→ **What you have to do**
Apart from the pictures, every line below needs to be reproduced verbatim.

→ **The data**

________________

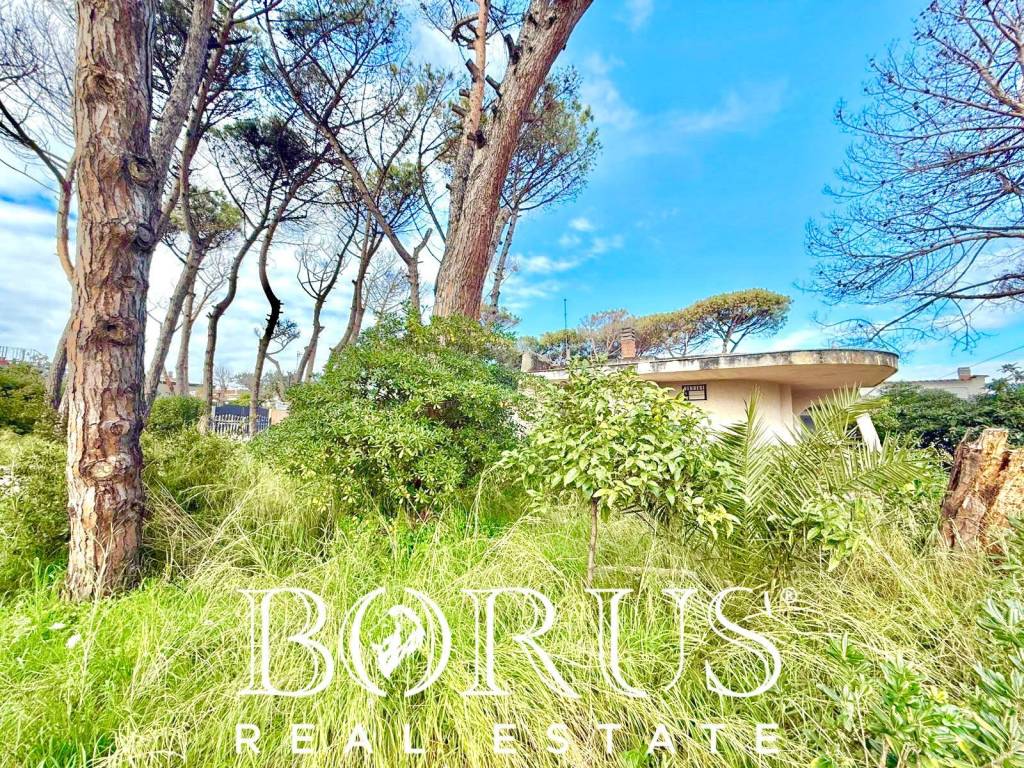 Villa a Cellole in Via del Trimoletto - Foto 4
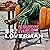 Sr. Loverman by Bernardine Evaristo Sr. Loverman by Bernardine Evaristo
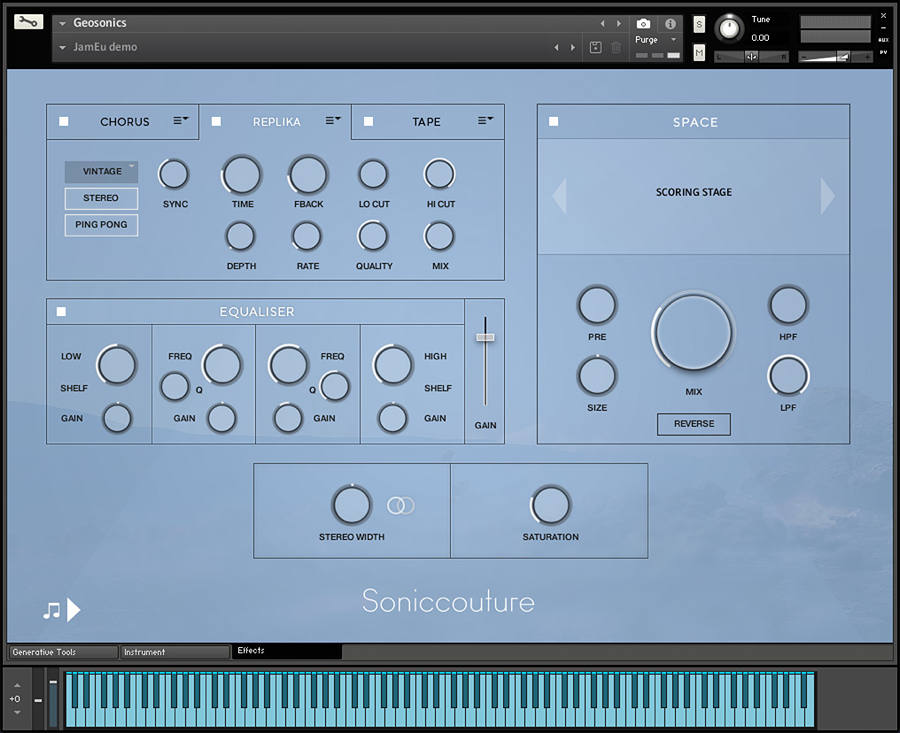 Geosonics-Fx-@1x.jpg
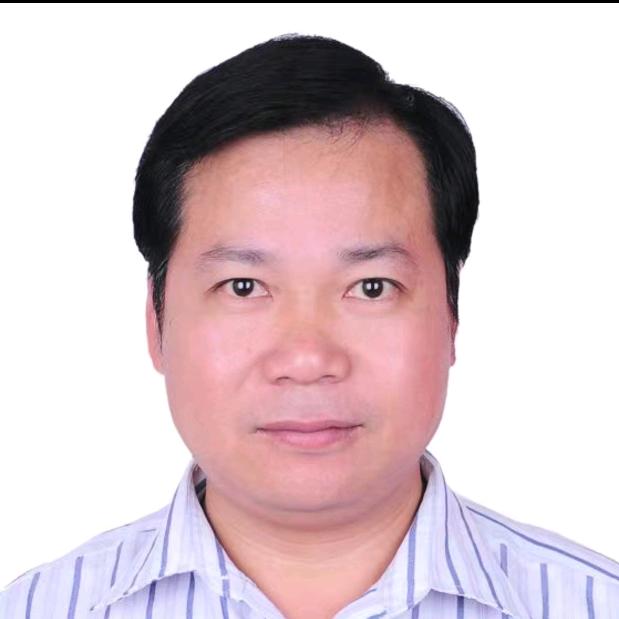圣尚哥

________________

→ **Exercise result**
 Villa a Cellole in Via del Trimoletto - Foto 4
 Sr. Loverman by Bernardine Evaristo Sr. Loverman by Bernardine Evaristo
 Geosonics-Fx-@1x.jpg
圣尚哥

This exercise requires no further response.